WHAT NEEDS TO BE DONE.
Repeat the stretch of entries below from the line with "Cute and Kawaii" through the line with "Amex Exploration obtient". Include both ends and add nothing.

EXTRACTED INFORMATION.
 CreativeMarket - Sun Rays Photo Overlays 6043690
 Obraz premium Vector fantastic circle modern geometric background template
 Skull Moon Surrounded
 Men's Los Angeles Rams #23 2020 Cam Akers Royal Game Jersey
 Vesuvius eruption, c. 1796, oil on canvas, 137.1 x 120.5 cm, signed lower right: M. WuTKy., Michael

* * *

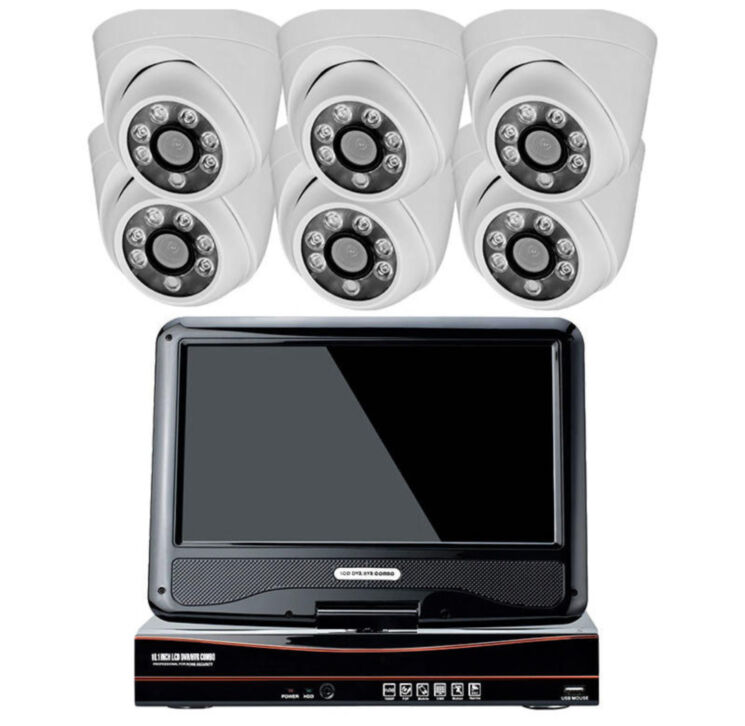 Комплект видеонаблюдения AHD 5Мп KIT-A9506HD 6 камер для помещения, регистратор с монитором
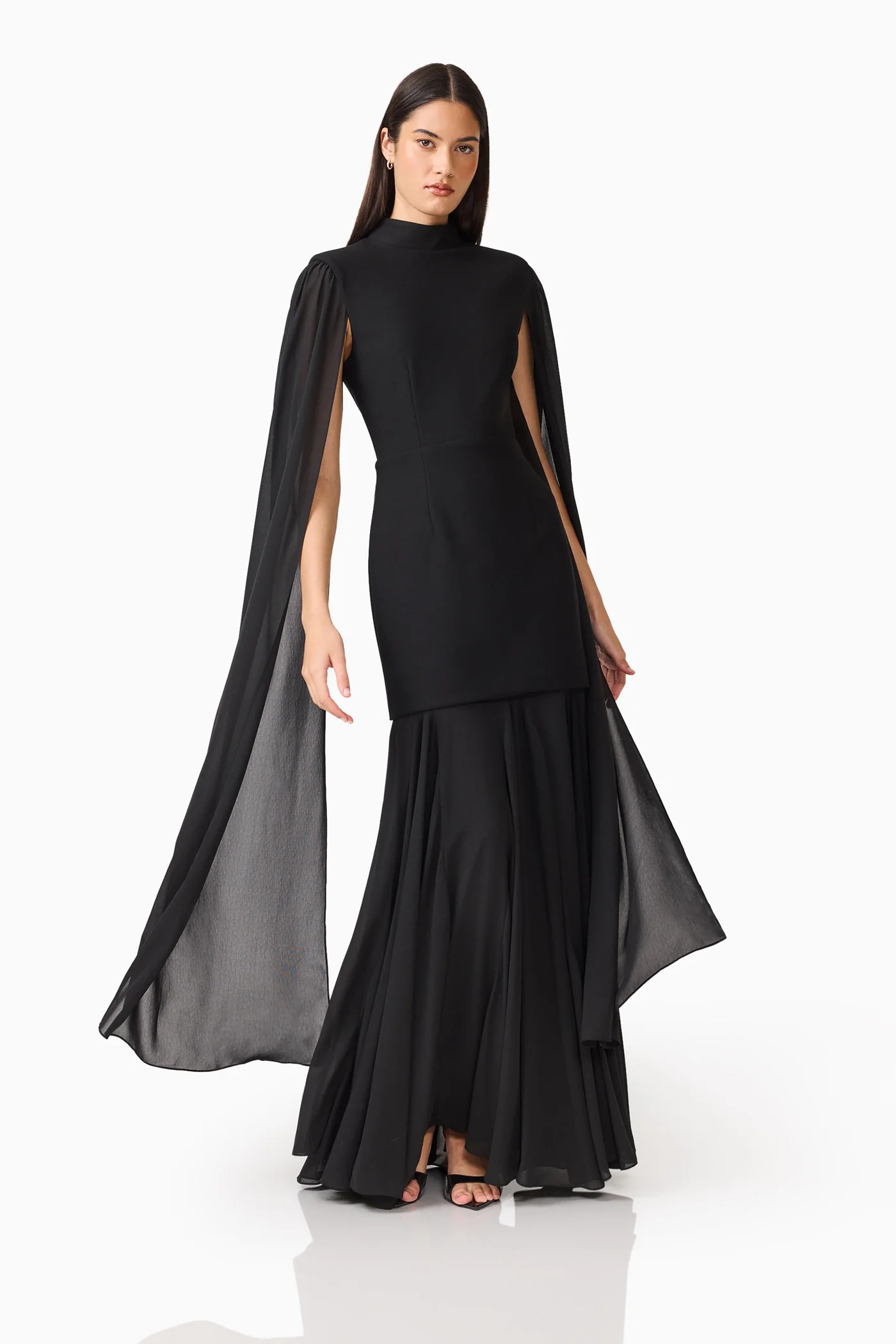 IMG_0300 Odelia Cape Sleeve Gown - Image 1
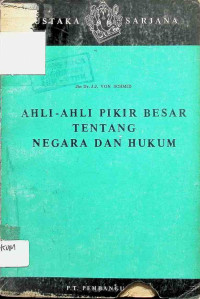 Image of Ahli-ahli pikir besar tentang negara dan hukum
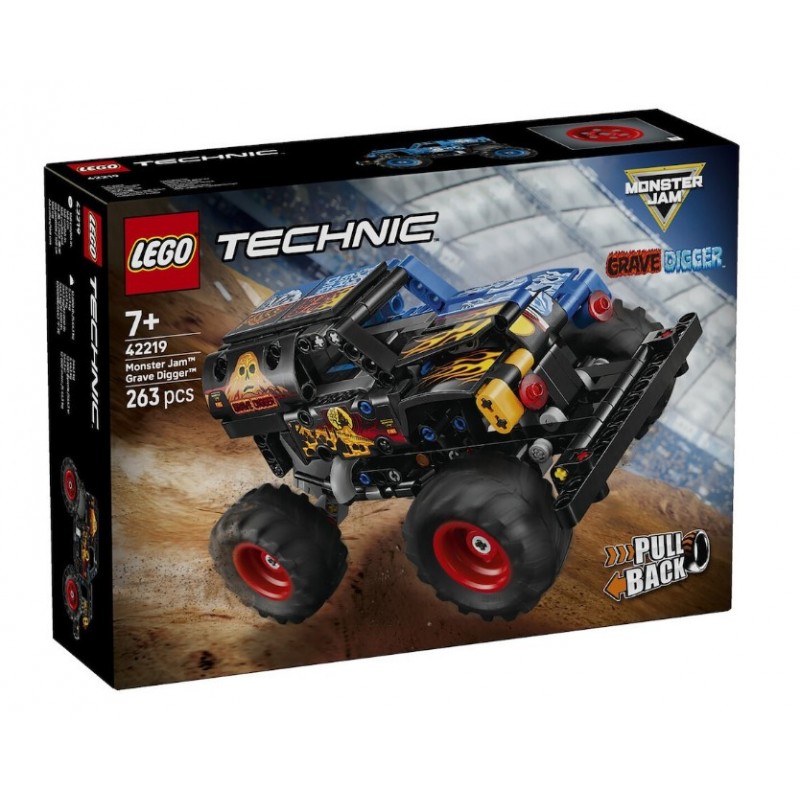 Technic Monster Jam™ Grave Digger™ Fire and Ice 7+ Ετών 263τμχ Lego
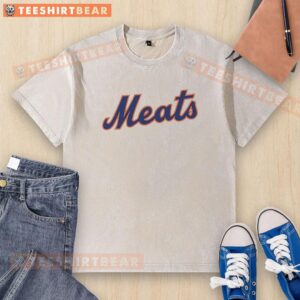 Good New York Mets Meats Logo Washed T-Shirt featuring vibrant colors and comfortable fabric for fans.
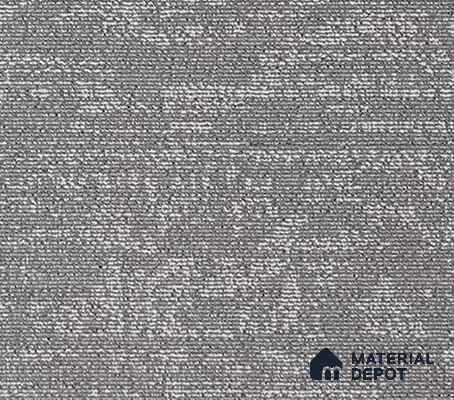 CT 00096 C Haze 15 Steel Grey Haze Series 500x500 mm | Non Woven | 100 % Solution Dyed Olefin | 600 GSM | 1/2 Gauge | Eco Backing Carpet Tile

...

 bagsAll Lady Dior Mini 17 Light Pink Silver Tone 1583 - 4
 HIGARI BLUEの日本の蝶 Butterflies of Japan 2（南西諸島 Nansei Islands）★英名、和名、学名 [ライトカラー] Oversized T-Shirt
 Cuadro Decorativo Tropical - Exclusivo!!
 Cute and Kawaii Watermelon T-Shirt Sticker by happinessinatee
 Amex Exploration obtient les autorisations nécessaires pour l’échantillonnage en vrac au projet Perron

FINISHED TASK.
 Cute and Kawaii Watermelon T-Shirt Sticker by happinessinatee
 Amex Exploration obtient les autorisations nécessaires pour l’échantillonnage en vrac au projet Perron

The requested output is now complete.